Chief of the Defense Staff Stuart Peach said Thursday that roughly 1,000 military personnel had been deployed along with police as the terrorist threat was raised to "critical" after the attack that killed 22 people and injured dozens more.

The official threat level has been lowered from "critical" — the highest level, meaning an attack may be imminent — to "severe," which means the government believes an attack is highly likely ...
Meanwhile, via Libyan media ...
Quote
The Libyan cleric, Abdelbasit Ghwaila, who was for some time an Imam at an Ottawa mosque in Canada, has denied ties to the Libyan-British bomber of Manchester Arena, Salman Abedi, defying all those who accused him with links to Abedi to come out with their evidence.

In an interview with the Libyan Express, cleric Ghwaila said that he asks those who accused him of being in connection with Manchester bomber to say to the public where, when and how they both met.

“Is there any photos, phone calls, social media communication? Let them come out with it. My challenge stands.” Ghwaila said on Wednesday.

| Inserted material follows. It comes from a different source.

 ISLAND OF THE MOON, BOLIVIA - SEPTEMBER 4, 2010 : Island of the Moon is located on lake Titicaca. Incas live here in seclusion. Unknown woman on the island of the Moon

“I am a media figure. I have my own program on a local Libyan TV, I always denounce and condemn the radicalism of IS everywhere in the world and TV records can prove that.” He explained.

Ghwaila indicated that he is always accused of such links to terror and especially to Benghazi ongoing conflict, adding that such accusations are untrue and his stance on Benghazi is that military forces want to take it under control by force.

“They want to conduct a coup on February Revolution and bring Libya back to the oppression and backwardness. It is all done by a Libyan captive in Chad war, Khalifa Haftar, an ignorant stupid person.” Ghwaila added ...
« Last Edit: June 02, 2017, 05:55:44 by milnews.ca »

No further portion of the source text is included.